Effect of atractylone on the viability and apoptosis of hepatoma HepG2 cells and related mechanism

Xueli Yang; Jianhua Xue; Tianyang Chen; Jian Ping; Tianlu Hou; Jianjie Chen; Yang Cheng

Return

Effect of atractylone on the viability and apoptosis of hepatoma HepG2 cells and related mechanism

VernacularTitle:苍术酮对肝癌HepG2细胞活性、凋亡的影响及其相关机制
Author: Xueli YANG ¹ ; Jianhua XUE ² ; Tianyang CHEN ¹ ; Jian PING ¹ ; Tianlu HOU ¹ ; Jianjie CHEN ^{1
,

2} ; Yang CHENG ^{1
,

2}
Author Information

1. Institute of Liver Diseases, Shuguang Hospital Affiliated to Shanghai University of Traditional Chinese Medicine, Shanghai 201203, China
2. Department of Hepatology, Infectious Disease Hospital of Pudong New Area of Shanghai, Shanghai 201299, China
Publication Type:Original articles_Liver neoplasms
Keywords: Atractylone; Liver Neoplasms, Experimental; Cellular Activity; Apoptosis
From: Journal of Clinical Hepatology 2021;37(11):2589-2594
CountryChina
Language:Chinese
Abstract: Objective To investigate the effect of atractylone on the viability and apoptosis of hepatoma HepG2 cells and its mechanism of action.
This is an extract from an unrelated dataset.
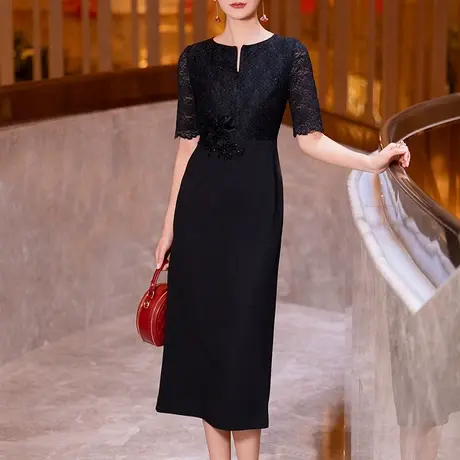 夏季蕾丝连衣裙女2025新款时尚优雅气质黑色短袖圆领拼接修身裙子图片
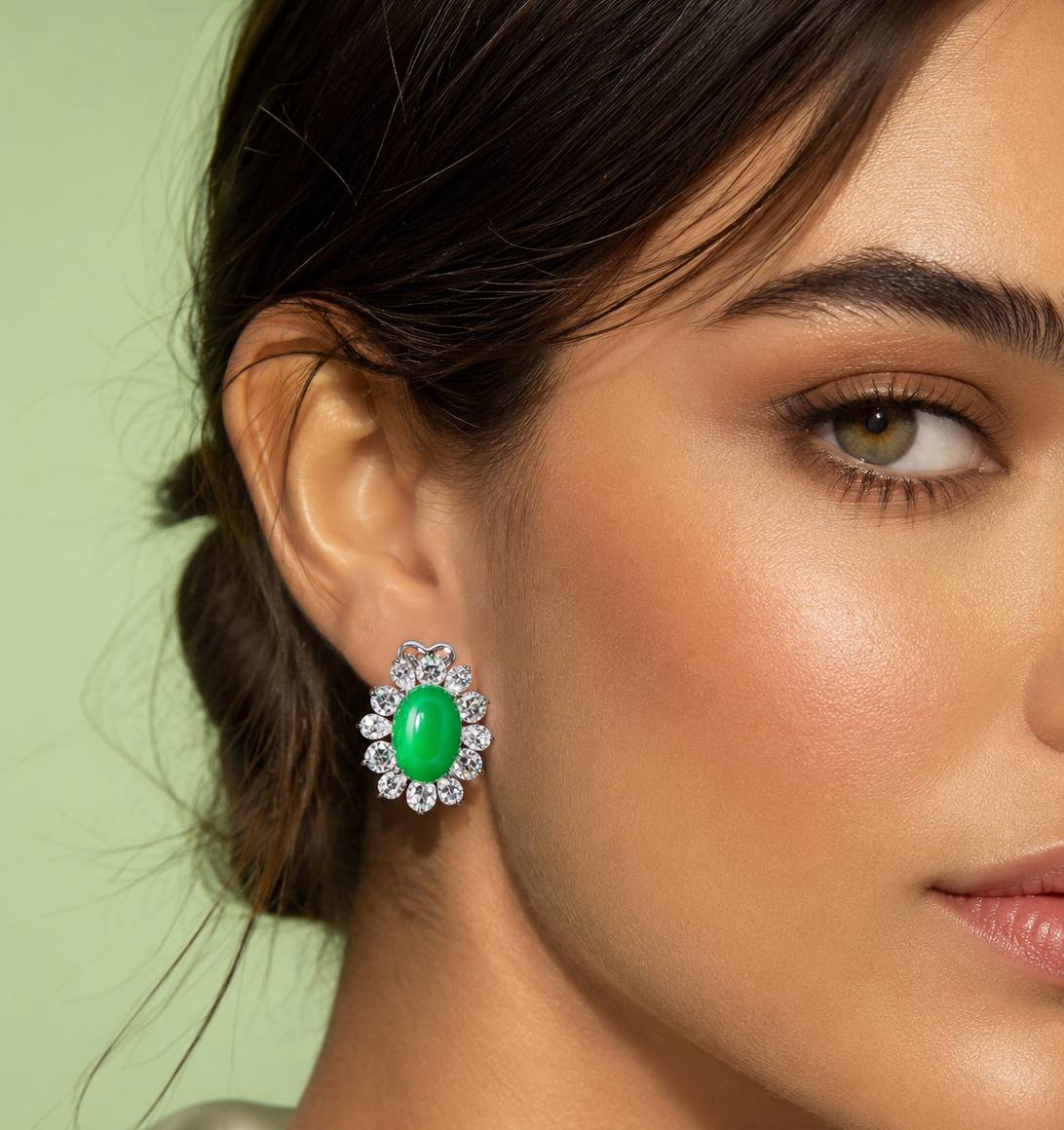Omnia Nadia Green and White Silver Stud Earrings in 925 Silver High Quality Simulated Diamond Stones - Image 2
Methods Hepatoma HepG2 cells were selected and divided into low-, middle-, and high-dose atractylone groups (5, 10, and 20 μmol/L), and the cells in the control group were added with an equal volume of DMSO. MTT colorimetry was used to measure the viability of HepG2 cells after treatment with different concentrations of atractylone; flow cytometry was used to measure the apoptosis rate and mitochondrial membrane potential of HepG2 cells; the DCFH-DA fluorescent probe labeling method was used to measure the level of reactive oxygen species (ROS) in HepG2 cells; Transwell assay was used to evaluate the effect of atractylone on the migration ability of HepG2 cells; Western blot was used to measure the protein expression levels of Bcl-2, Bax, and cleaved caspase-3. A one-way analysis of variance was used for comparison of continuous data between multiple groups, and the least significant difference t -test was used for comparison between two groups. Results After 24 and 48 hours of treatment with atractylone, compared with the control group, the low-, middle-, and high-dose atractylone groups had a tendency of reduction in cell viability (all P < 0.05), with a half inhibitory concentration of 26.19 μmol/L in atractylone treatment of HepG2 cells for 72 hours. The low-, middle-, and high-dose atractylone groups had a significantly higher apoptosis rate than the control group (14.34%/29.32%/50.12% vs 0.32%, all P < 0.05). Compared with the control group, the low-, middle-, and high-dose atractylone groups had a significant increase in the fluorescence intensity of ROS in HepG2 cells (all P < 0.05). After 48 hours of treatment with atractylone, compared with the control group, the low-, middle-, and high-dose atractylone groups had a significant reduction in the number of migrated cells (132.67±18.36/57.00±9.26/31.00±2.45 vs 258.11±38.54, P < 0.05). Compared with the control group, the low-, middle-, and high-dose atractylone groups had a significant reduction in the expression of the anti-apoptotic factor Bcl-2 and significant increases in the expression of the apoptotic factors Bax and cleaved caspase-3 (all P < 0.05). Conclusion Atractylone can induce the apoptosis and inhibit the migration of HepG2 cells, which provides an experimental basis for further development and utilization of atractylone.